在不引入交互作用的情况下,就被调查老年人个体特征来看,年龄大的老年人生活满意度似乎更高,可能是现在的生活与这些老人曾经走过艰苦岁月相比让他们感受到了生活在当下的幸福,可以看出年龄与生活满意度成正相关关系,且具有统计上的显著性,这一点与李德明等(2006)、刘吉(2015)[13]结论相同,由于年龄的正向作用往往超过了负向作用,因此老年人年龄越大,生活满意度评价越积极(骆为祥等2011)。[14]非农业人口的老年人相比于农业人口的老年人有更高的生活满意度(发生比是后者的22倍多,且统计性比较显著),这可能与非农业人口的老年人在城镇化进程中所获得的较多社会化服务不无关系,这一点与张友琴(2002)[15]、孙鹃娟(2008)、孙奎立等(2010年)[16]结论相同。保有各种组织关系的老年人相比于其他老年人有更高的生活满意度(发生比是后者的近3倍多,且统计性比较显著),这可能与这部分老年人退休以后依旧经常受到原有组织关怀和帮组有关。自我判断健康的老年人比自我判断非健康老年人有更高的生活满意度(发生比是后者的6倍多,且统计性显著),尽管这种对健康的判断有老年人的主观性,但这说明健康对于老年人的生活满意度有重要影响。经常感到温暖的老年人比经常感到孤独的老年人有更高的生活满意度(发生比是后者的4倍多,且统计性显著)。
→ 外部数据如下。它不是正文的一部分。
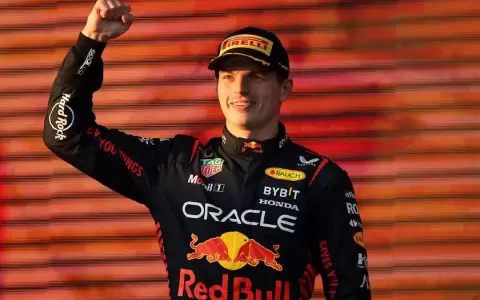 Verstappen se afianza como l�der tras ganar incidentada carrera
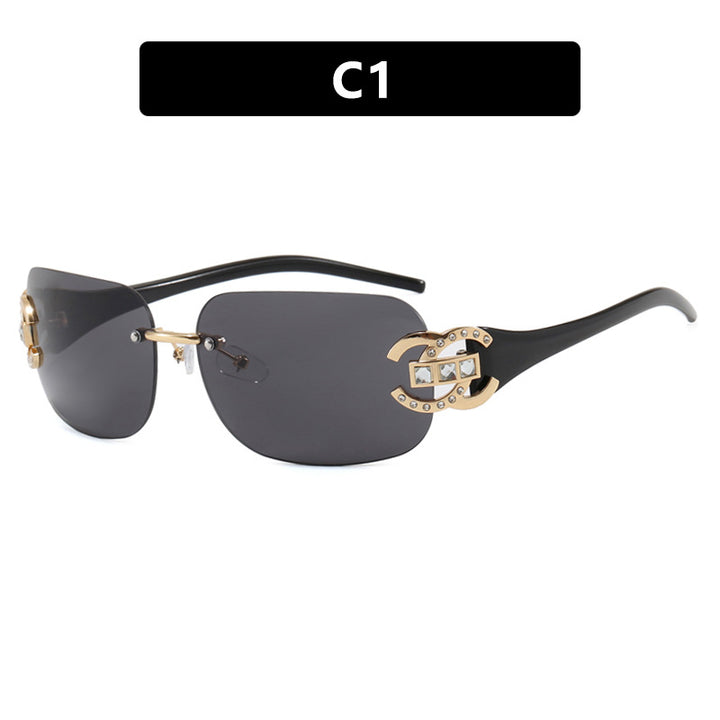 Women's fashionable sunglasses with luxurious geometric frame and protective UV filter Bowlift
觉得自己经济状况好的老年人比感觉经济状况不好的老年人生活满意度更高,前者发生比是后者的近2.5倍(且统计性显著),看来经济问题是制约老年人提升生活满意度的重要因素之一,正如冯晓黎(2005)的研究结论:经济收入越高,生活质量相对较高,生活满意度也会相应提高。与有子女居住在省外的老年人相比,没有子女居住在省外的老年人有更高的生活满意度,后者发生比是前者的2倍(统计性比较显著),说明老年人更希望得到子女近距离的陪伴和关心。但值得注意的是,虽然独居在变量筛选时是显著的,但却未进入模型,可能原因是老年人虽然愿意得到子女近距离的陪伴和关心,但又不喜欢“代沟”的原因造成生活上的相互干扰。家里大支出自己说了算相比于协商而言,协商使生活更满意一些(发生比是自己说了算的近3倍,且统计性显著),这与孙奎立等(2010)结论不同(家中开支不能做主的老年人生活满意度偏低),配偶说了算相比于于协商而言也让老人感觉不满意(统计上不显著),虽然子女说了算相比于协商而言让老年人感觉满意,但统计上也不显著。对住房满意老年人相比于不满意的老年人有更高的生活满意度,前者发生比是后者的近2.6倍,且统计性显著,看来良好的居住条件和环境是影响老年人生活满意度的重要因素。居住的房屋类型虽和是否购买过健康保险均对老年人生活满意度有影响,但均不存在统计意义上的显著性。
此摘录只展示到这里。